SUPPLIED MATERIAL START
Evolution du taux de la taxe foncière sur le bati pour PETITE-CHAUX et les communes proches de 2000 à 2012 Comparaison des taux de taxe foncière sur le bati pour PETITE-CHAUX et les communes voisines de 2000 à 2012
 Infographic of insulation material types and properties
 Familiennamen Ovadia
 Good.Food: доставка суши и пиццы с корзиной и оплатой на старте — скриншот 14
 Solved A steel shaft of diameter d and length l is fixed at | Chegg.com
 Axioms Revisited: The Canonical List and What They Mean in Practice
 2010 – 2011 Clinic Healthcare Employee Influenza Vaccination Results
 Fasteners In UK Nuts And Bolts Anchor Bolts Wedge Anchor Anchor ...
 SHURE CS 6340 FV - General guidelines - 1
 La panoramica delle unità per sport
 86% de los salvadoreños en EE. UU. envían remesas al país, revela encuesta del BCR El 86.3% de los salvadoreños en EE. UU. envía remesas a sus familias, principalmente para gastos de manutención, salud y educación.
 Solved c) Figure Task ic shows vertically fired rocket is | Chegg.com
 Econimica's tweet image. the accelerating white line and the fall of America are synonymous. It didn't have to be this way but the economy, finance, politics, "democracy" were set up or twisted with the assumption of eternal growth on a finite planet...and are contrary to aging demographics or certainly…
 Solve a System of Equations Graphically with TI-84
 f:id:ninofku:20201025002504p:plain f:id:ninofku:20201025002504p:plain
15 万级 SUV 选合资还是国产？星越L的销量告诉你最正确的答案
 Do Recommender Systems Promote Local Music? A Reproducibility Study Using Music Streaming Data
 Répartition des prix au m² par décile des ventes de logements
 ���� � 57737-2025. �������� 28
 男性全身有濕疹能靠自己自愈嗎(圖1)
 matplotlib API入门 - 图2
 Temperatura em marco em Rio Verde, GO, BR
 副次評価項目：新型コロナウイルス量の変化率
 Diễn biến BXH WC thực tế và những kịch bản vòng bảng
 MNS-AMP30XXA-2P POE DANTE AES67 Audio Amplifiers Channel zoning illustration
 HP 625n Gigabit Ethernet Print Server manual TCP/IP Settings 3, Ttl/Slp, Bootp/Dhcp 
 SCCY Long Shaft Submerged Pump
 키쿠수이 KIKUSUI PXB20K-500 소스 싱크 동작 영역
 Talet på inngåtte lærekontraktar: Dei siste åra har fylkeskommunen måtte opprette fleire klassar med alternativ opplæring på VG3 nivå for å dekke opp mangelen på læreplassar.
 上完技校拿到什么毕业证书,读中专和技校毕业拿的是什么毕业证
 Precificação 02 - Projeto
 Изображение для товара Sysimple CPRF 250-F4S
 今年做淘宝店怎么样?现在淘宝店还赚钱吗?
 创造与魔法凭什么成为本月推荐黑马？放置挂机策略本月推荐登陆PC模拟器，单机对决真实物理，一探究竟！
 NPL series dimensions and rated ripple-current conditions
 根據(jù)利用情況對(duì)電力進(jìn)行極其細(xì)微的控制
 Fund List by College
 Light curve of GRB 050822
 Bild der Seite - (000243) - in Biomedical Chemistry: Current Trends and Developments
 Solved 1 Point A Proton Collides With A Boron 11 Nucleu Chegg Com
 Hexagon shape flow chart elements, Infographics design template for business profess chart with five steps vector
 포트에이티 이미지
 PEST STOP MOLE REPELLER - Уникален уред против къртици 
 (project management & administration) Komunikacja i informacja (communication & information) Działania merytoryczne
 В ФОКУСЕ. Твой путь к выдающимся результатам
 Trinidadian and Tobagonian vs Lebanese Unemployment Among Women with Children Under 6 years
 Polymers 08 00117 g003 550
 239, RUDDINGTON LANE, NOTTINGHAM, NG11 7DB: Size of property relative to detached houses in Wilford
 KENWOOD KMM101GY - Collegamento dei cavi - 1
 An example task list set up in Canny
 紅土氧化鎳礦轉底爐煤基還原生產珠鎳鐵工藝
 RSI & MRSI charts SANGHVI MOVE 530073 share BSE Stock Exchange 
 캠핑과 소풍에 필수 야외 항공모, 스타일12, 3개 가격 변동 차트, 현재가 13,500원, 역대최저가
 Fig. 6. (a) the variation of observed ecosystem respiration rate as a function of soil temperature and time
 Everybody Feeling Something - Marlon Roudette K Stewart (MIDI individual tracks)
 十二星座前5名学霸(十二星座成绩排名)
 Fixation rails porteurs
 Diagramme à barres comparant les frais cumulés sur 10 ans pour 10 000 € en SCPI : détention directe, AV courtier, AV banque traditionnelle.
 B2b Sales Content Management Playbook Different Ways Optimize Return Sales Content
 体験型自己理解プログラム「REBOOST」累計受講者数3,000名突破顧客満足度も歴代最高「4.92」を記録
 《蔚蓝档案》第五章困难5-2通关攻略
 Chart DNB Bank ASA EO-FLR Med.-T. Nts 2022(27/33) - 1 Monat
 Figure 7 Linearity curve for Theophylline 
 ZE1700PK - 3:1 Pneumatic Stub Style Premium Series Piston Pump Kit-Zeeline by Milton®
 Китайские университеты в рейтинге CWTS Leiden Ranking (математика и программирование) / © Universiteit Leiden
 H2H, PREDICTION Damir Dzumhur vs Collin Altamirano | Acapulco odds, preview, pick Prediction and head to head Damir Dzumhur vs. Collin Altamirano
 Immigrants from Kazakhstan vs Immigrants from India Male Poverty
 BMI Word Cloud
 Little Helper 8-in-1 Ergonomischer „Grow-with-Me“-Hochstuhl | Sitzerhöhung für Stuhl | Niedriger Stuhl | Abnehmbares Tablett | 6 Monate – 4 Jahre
SUPPLIED MATERIAL END
◆ DESCRIPTION OF THE TASK: When you reach the line that contains "Répartition des prix", stop; output it and every line before it from the start of the data, exactly as written.

◆ WRITTEN SOLUTION:
Evolution du taux de la taxe foncière sur le bati pour PETITE-CHAUX et les communes proches de 2000 à 2012 Comparaison des taux de taxe foncière sur le bati pour PETITE-CHAUX et les communes voisines de 2000 à 2012
 Infographic of insulation material types and properties
 Familiennamen Ovadia
 Good.Food: доставка суши и пиццы с корзиной и оплатой на старте — скриншот 14
 Solved A steel shaft of diameter d and length l is fixed at | Chegg.com
 Axioms Revisited: The Canonical List and What They Mean in Practice
 2010 – 2011 Clinic Healthcare Employee Influenza Vaccination Results
 Fasteners In UK Nuts And Bolts Anchor Bolts Wedge Anchor Anchor ...
 SHURE CS 6340 FV - General guidelines - 1
 La panoramica delle unità per sport
 86% de los salvadoreños en EE. UU. envían remesas al país, revela encuesta del BCR El 86.3% de los salvadoreños en EE. UU. envía remesas a sus familias, principalmente para gastos de manutención, salud y educación.
 Solved c) Figure Task ic shows vertically fired rocket is | Chegg.com
 Econimica's tweet image. the accelerating white line and the fall of America are synonymous. It didn't have to be this way but the economy, finance, politics, "democracy" were set up or twisted with the assumption of eternal growth on a finite planet...and are contrary to aging demographics or certainly…
 Solve a System of Equations Graphically with TI-84
 f:id:ninofku:20201025002504p:plain f:id:ninofku:20201025002504p:plain
15 万级 SUV 选合资还是国产？星越L的销量告诉你最正确的答案
 Do Recommender Systems Promote Local Music? A Reproducibility Study Using Music Streaming Data
 Répartition des prix au m² par décile des ventes de logements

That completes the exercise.